- [Data listing]

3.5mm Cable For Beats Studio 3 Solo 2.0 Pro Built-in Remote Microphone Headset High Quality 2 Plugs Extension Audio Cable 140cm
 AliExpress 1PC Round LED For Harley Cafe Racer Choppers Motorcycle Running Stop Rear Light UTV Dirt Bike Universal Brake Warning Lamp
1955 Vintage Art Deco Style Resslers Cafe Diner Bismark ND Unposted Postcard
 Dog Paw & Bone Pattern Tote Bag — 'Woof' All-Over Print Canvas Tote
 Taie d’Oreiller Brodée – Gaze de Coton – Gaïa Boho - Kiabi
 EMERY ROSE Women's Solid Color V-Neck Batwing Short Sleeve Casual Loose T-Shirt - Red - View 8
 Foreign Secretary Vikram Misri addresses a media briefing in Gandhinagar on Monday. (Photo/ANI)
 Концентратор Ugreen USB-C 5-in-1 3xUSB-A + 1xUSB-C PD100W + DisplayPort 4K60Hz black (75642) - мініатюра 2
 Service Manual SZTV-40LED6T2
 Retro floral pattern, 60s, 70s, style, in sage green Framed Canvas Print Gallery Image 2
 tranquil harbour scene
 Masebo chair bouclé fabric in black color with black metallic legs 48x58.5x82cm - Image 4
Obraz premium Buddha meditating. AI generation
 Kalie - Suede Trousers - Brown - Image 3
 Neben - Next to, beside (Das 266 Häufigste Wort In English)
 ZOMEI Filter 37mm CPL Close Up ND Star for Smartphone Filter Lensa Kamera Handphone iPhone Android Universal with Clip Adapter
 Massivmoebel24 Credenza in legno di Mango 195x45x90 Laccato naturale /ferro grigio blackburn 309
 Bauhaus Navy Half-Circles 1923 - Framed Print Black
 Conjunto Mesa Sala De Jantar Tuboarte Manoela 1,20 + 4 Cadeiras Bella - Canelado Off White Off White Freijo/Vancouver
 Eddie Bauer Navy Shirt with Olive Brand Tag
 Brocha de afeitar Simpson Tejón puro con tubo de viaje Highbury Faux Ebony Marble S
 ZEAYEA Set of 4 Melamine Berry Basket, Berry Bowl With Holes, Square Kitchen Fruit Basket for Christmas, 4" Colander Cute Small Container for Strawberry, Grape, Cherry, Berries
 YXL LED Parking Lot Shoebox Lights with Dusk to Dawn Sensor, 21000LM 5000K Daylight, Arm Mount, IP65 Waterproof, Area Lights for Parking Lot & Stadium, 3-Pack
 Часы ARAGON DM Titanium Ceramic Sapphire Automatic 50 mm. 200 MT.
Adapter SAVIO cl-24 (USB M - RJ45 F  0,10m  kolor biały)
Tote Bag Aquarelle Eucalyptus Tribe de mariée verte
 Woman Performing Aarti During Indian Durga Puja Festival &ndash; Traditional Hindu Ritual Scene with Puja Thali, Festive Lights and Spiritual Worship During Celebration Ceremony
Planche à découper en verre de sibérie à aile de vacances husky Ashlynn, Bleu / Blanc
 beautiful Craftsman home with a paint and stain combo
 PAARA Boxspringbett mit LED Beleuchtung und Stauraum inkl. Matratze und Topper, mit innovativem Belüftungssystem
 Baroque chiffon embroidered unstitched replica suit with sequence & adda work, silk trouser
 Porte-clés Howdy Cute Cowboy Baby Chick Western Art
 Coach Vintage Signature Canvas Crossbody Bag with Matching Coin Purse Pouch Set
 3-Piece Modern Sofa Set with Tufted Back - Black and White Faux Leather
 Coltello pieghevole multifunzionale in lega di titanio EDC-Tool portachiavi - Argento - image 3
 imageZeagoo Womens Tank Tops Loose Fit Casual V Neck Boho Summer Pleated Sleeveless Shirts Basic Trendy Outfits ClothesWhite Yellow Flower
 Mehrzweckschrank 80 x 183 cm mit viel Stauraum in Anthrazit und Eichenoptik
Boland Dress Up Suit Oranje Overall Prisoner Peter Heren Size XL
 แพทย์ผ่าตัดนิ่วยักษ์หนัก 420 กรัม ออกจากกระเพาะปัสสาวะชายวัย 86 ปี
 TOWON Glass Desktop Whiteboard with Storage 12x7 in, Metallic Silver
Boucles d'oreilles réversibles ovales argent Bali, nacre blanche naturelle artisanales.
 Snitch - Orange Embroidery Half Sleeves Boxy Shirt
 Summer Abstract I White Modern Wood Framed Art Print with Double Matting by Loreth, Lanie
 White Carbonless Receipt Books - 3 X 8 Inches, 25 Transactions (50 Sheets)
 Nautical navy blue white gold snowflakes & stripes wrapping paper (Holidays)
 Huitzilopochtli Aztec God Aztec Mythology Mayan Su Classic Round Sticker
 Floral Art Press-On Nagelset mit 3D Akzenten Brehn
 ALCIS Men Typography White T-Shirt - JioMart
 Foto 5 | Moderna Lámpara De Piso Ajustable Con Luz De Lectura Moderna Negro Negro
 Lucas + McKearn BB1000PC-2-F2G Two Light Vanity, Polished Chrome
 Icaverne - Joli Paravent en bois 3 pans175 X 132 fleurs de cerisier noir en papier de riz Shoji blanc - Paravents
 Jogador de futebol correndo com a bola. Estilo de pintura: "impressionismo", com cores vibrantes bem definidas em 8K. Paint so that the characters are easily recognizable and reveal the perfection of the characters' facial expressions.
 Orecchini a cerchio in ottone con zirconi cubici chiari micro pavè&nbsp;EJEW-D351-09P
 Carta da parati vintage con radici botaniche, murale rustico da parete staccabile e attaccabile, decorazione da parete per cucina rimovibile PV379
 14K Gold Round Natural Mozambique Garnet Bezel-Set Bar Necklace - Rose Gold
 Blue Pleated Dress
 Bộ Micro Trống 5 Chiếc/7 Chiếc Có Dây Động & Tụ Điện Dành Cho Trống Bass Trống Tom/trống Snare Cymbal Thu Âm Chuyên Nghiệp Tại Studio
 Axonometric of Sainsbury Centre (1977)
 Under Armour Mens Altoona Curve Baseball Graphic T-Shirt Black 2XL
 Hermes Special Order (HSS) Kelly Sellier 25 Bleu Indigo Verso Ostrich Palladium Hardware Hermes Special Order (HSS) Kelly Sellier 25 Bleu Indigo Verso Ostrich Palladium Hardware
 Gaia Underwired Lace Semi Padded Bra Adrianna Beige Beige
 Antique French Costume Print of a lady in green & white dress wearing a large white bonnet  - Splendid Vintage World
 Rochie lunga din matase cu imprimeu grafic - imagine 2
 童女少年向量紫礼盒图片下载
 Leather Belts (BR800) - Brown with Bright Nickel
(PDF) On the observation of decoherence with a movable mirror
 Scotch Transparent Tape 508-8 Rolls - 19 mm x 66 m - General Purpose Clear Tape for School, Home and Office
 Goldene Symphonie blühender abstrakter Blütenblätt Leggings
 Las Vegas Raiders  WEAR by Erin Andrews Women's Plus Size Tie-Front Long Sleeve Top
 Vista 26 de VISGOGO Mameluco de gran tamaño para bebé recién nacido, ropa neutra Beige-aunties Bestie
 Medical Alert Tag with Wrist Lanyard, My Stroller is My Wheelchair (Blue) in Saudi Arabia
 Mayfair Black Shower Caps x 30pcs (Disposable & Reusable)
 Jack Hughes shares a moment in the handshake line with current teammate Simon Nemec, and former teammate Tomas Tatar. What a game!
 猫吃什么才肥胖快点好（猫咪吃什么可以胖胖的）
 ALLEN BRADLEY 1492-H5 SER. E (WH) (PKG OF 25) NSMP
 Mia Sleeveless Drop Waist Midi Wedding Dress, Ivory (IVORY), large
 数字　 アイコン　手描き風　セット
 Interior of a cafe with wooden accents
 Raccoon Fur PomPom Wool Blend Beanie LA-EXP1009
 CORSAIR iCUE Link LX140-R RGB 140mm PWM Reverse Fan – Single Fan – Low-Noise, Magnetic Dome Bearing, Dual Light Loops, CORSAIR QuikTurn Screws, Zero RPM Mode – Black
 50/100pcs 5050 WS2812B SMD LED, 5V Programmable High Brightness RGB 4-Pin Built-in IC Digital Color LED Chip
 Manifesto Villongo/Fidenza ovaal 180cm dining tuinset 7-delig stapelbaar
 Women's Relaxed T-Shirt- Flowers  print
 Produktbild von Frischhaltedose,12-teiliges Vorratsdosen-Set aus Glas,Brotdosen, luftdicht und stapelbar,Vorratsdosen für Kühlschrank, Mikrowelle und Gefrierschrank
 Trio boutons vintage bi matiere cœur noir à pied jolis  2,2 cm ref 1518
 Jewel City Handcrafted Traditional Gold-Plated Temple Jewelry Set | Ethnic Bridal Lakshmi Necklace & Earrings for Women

- [Work task] For the lines above, output exactly those from the line containing "TOWON Glass Desktop" through the line containing "Foto 5 | Moderna", and skip the others.

- [Answer for the task]
 TOWON Glass Desktop Whiteboard with Storage 12x7 in, Metallic Silver
Boucles d'oreilles réversibles ovales argent Bali, nacre blanche naturelle artisanales.
 Snitch - Orange Embroidery Half Sleeves Boxy Shirt
 Summer Abstract I White Modern Wood Framed Art Print with Double Matting by Loreth, Lanie
 White Carbonless Receipt Books - 3 X 8 Inches, 25 Transactions (50 Sheets)
 Nautical navy blue white gold snowflakes & stripes wrapping paper (Holidays)
 Huitzilopochtli Aztec God Aztec Mythology Mayan Su Classic Round Sticker
 Floral Art Press-On Nagelset mit 3D Akzenten Brehn
 ALCIS Men Typography White T-Shirt - JioMart
 Foto 5 | Moderna Lámpara De Piso Ajustable Con Luz De Lectura Moderna Negro Negro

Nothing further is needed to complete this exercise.